Scraped caption text data
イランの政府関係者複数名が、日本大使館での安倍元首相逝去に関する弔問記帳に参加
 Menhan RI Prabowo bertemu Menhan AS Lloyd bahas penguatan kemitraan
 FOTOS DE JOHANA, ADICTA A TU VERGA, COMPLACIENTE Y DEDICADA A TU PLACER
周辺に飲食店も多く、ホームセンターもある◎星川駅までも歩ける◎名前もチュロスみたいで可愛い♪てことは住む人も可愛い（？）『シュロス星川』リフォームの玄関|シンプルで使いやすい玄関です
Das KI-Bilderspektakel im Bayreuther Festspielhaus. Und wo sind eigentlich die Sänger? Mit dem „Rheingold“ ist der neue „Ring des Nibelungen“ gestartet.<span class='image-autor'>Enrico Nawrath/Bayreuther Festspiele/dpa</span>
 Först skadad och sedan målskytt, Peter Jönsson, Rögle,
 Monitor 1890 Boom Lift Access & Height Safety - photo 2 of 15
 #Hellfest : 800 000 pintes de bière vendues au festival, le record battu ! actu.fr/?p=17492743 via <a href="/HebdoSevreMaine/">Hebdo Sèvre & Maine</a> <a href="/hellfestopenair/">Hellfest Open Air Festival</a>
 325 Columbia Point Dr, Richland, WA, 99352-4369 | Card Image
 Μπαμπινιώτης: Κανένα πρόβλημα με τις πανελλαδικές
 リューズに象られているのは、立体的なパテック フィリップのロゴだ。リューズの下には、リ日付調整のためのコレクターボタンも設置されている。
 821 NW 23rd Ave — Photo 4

Instructions to follow —
Each line from the one with "325 Columbia Point" through the last line of the records must be written out word for word. Include nothing else.

Result —
 325 Columbia Point Dr, Richland, WA, 99352-4369 | Card Image
 Μπαμπινιώτης: Κανένα πρόβλημα με τις πανελλαδικές
 リューズに象られているのは、立体的なパテック フィリップのロゴだ。リューズの下には、リ日付調整のためのコレクターボタンも設置されている。
 821 NW 23rd Ave — Photo 4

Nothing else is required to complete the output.